▶ _THE DATA_:
■ ■ ■

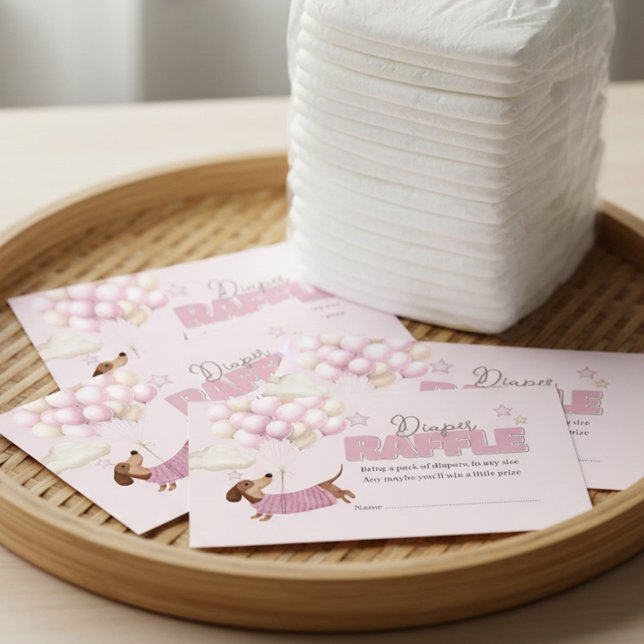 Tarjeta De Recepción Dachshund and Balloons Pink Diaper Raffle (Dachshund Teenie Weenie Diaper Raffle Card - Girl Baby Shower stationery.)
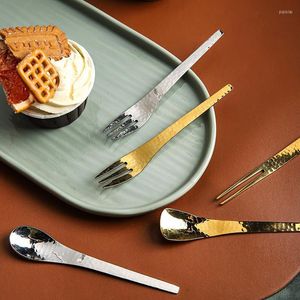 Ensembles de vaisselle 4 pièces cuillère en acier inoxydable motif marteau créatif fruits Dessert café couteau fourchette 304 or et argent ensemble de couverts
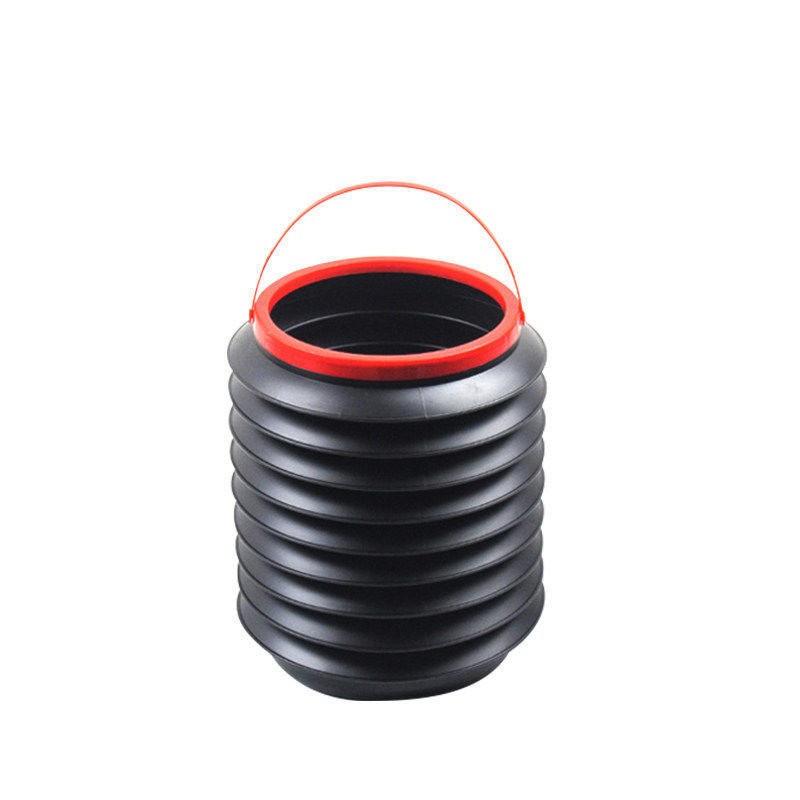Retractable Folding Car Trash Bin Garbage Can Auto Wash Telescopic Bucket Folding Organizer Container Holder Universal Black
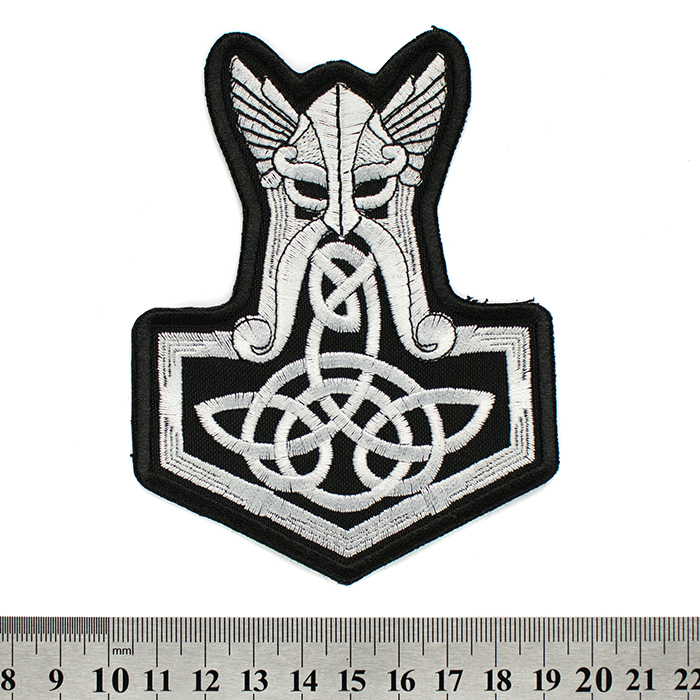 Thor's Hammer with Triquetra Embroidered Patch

■ ■ ■

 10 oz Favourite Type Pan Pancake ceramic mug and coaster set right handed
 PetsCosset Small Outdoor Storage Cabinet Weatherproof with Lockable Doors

■ ■ ■

▶ _YOUR ASSIGNMENT_: Repeat, without pictures, exactly the lines of the data above from the one containing "Tarjeta De Recepción" through the one containing "Thor's Hammer with", including both and adding nothing.

▶ _OUTPUT FOR THIS TASK_:
 Tarjeta De Recepción Dachshund and Balloons Pink Diaper Raffle (Dachshund Teenie Weenie Diaper Raffle Card - Girl Baby Shower stationery.)
 Ensembles de vaisselle 4 pièces cuillère en acier inoxydable motif marteau créatif fruits Dessert café couteau fourchette 304 or et argent ensemble de couverts
Retractable Folding Car Trash Bin Garbage Can Auto Wash Telescopic Bucket Folding Organizer Container Holder Universal Black
 Thor's Hammer with Triquetra Embroidered Patch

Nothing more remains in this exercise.